Ridge plots (also known as joy plots) provide a powerful way to visualize the distribution of gene abundances or fold changes within enriched pathways. This helps understand whether pathways are predominantly up- or down-regulated.

```{r ridge-plot, eval=FALSE}
# Create a ridge plot for GSEA results
# Note: Requires ggridges package to be installed
ridge_plot <- pathway_ridgeplot(
  gsea_results = gsea_results,
  abundance = abundance_data,
  metadata = metadata,
  group = "Environment",
  pathway_type = "KEGG",
  n_pathways = 10,
  sort_by = "p.adjust",
  show_direction = TRUE,
  colors = c("Down" = "#3182bd", "Up" = "#de2d26")
)

# Display the plot
ridge_plot
```

The ridge plot shows:
- Each pathway as a density ridge
- Color indicates enrichment direction (Up = red, Down = blue)
- The distribution of log2 fold changes for genes within each pathway
- A vertical dashed line at 0 for reference

## Comparing GSEA and DAA Results

It can be informative to compare the results from GSEA with those from Differential Abundance Analysis (DAA):

```{r compare-gsea-daa, eval=FALSE}
# Run DAA analysis
daa_results <- pathway_daa(
  abundance = abundance_data,
  metadata = metadata,
  group = "Environment",
  daa_method = "ALDEx2"
)

# Annotate DAA results
annotated_daa_results <- pathway_annotation(
  pathway = "KO",
  daa_results_df = daa_results,
  ko_to_kegg = TRUE
)

# Compare GSEA and DAA results
comparison <- compare_gsea_daa(
  gsea_results = annotated_results,
  daa_results = annotated_daa_results,
  plot_type = "venn",
  p_threshold = 0.05
)

# Display the comparison plot
comparison$plot

# View the comparison results
comparison$results
```

## Conclusion

Gene Set Enrichment Analysis provides a complementary approach to Differential Abundance Analysis for interpreting PICRUSt2 predicted functional data.
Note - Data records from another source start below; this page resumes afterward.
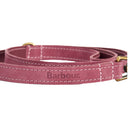 Barbour Leather Dog Lead - Pink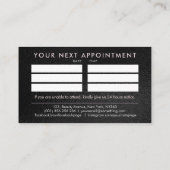 爪、 ネイルカラースプラッシュ 名刺 (裏面)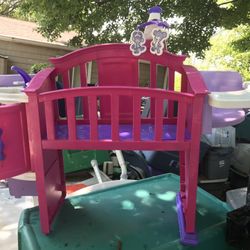 Nice Kids Large Doll Crib Changing Table Only $10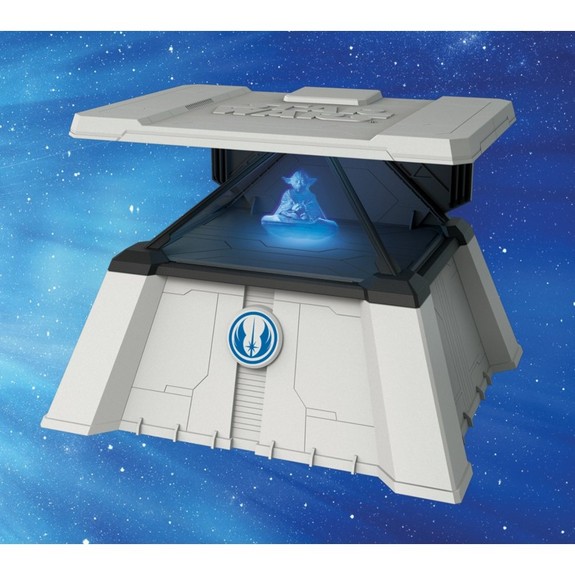 If you concentrate, this "Star Wars" Jedi trainer will bend to your will. <a href="http://store.space.com/star-wars-force-trainer-2-hologram.html?&ICID=SPACE-kids-gift-guide-2015">Buy Star Wars Force Trainer 2 Hologram</a>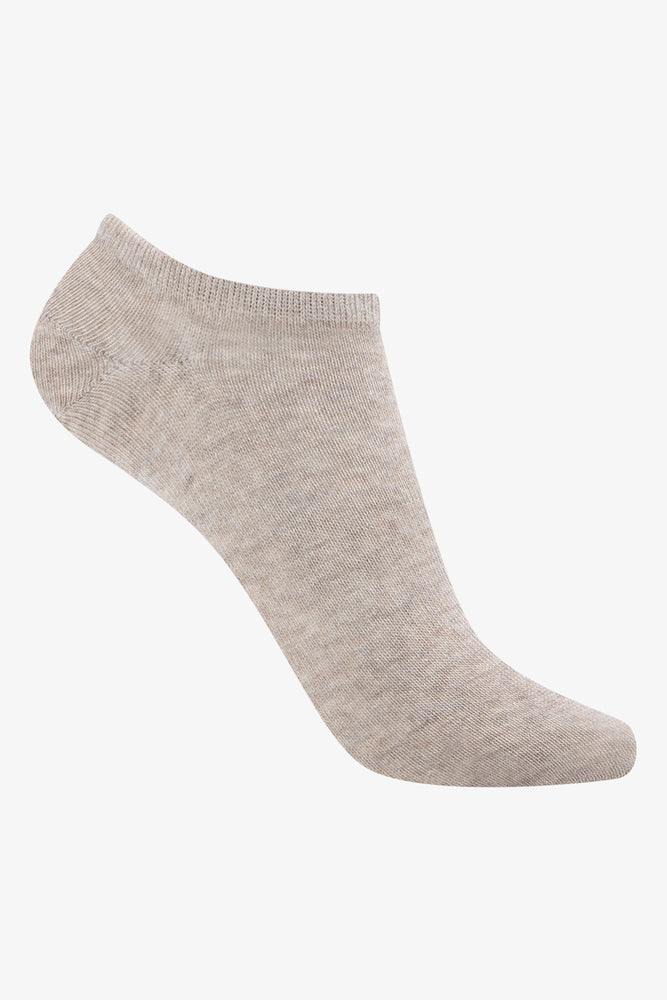 5 Pack Low Cut Socks Natural (2)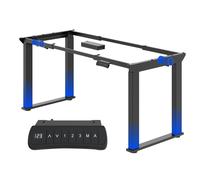 FLEXISPOT Pied de table électrique réglable en hauteur avec 4 pieds, double moteur, 150 KG TRAGES, 3 mémoires Table de salle à manger/bureau noir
By focusing on pathways rather than individual features, GSEA can help identify biologically meaningful patterns that might be missed by traditional methods.

### Key Recommendations

1. **Use `camera` method (default)** for most analyses - it provides more reliable p-values by accounting for inter-gene correlations

2. **Adjust for covariates** when you have confounding factors like age, sex, or BMI in your study design

3. **Use `fry` method** when you need faster computation for large gene set collections

4. **Use preranked methods (`fgsea`)** only when you need compatibility with existing workflows, and interpret p-values with caution

### References

- Wu, D., & Smyth, G. K. (2012). Camera: a competitive gene set test accounting for inter-gene correlation. *Nucleic Acids Research*, 40(17), e133.
- Wu, D., et al. (2010). ROAST: rotation gene set tests for complex microarray experiments. *Bioinformatics*, 26(17), 2176-2182.

The ggpicrust2 package now offers a comprehensive suite of tools for both DAA and GSEA analyses, making it easier to gain insights from microbiome functional prediction data.